World Bank: number of carbon pricing schemes has doubled since 2012

The World Bank said on Sunday that the number of carbon pricing mechanisms worldwide has almost doubled since 2012

  • 22 September 2015
  • William Brittlebank

The World Bank said on Sunday that the number of carbon pricing schemes worldwide has almost doubled since 2012 but the majority of schemes currently have prices that are too low to help them prevent catastrophic impacts of climate change.

Carbon pricing mechanisms including emissions trading schemes in California and China now cover about 12 per cent of global greenhouse gas emissions and are helping to generate significant momentum in the build up to the United Nations Climate Change Conference in Paris in December, according to the World Bank.

The number of new and planned carbon pricing mechanisms has risen to 38 from 20 since 2012, with South Korea opening its emissions trading scheme this year and Chile and South Africa planning to introduce a taxes carbon emissions.

Rachel Kyte, World Bank Group Vice President and Special Envoy for Climate Change, said: There is a growing sense of inevitability ... that there will be a price on carbon."

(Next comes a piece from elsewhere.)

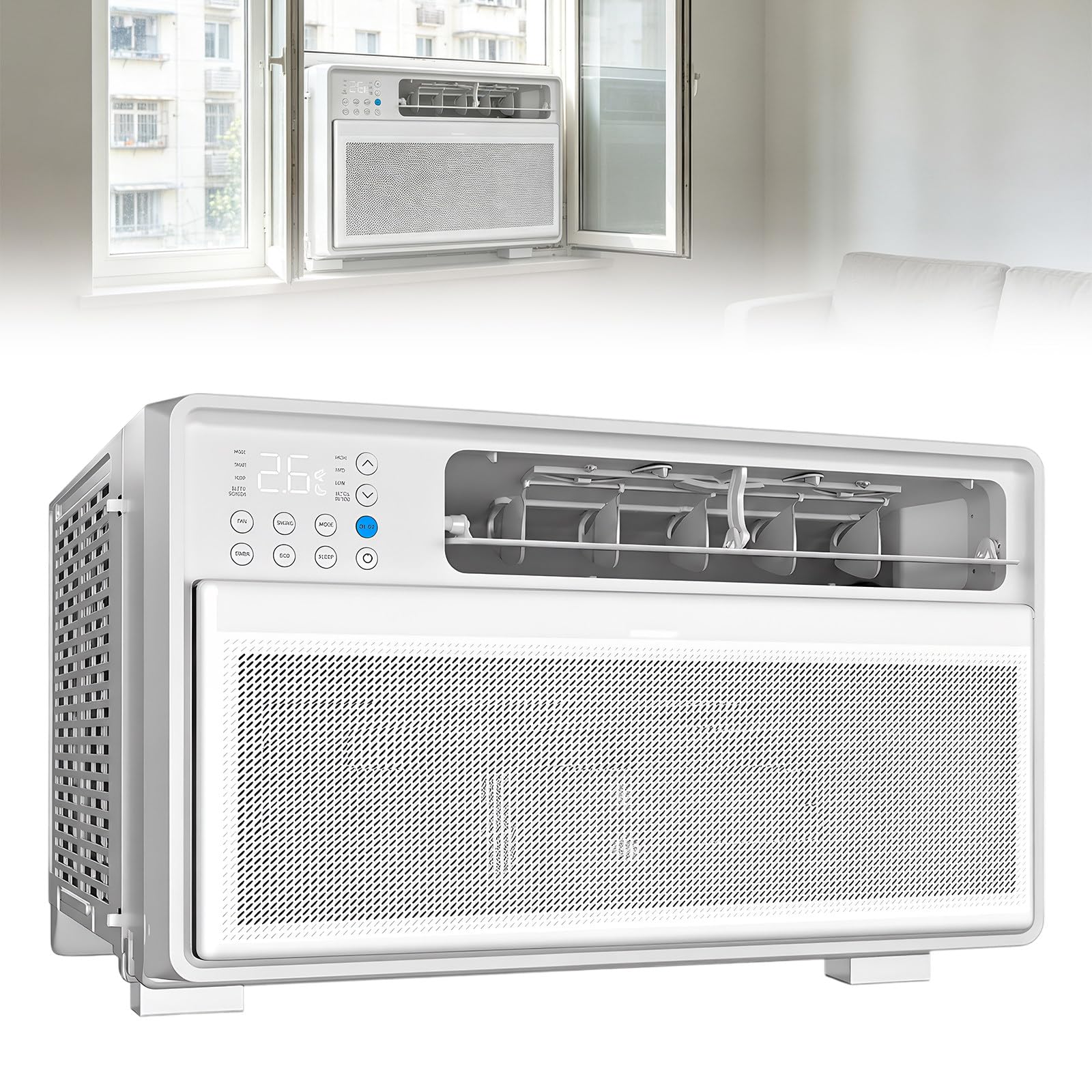 Wangyingxu 9000 Btu Energy Saving, Window Mounted Air Conditioners, Inverter Air Conditioner, Cools up to 200 Sq. Ft, Three Cooling Modes, for Bedrooms, Home Offices and Study Rooms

Carbon pricing is designed to move investments away from fossil fuels and towards renewable energy and the World Bank’s study found that prices ranged from less than a dollar a tonne of carbon dioxide in Mexico to $130 a tonne in Sweden.

The study found that worldwide carbon taxes and markets are too low to help prevent an average global temperature increase of 2°C above pre-industrial times that scientists say would cause catastrophic impacts of climate change.

The study estimates the combined value of global carbon pricing mechanisms at $50 billion a year, with $34 billion from markets and the remaining $16 billion from taxes.

In 2014 73 countries and more than 1,000 companies urged world leaders to introduce a price on carbon and Kyte said the group is a "powerful coalition" that will make an important announcement before the U.N. conference in Paris.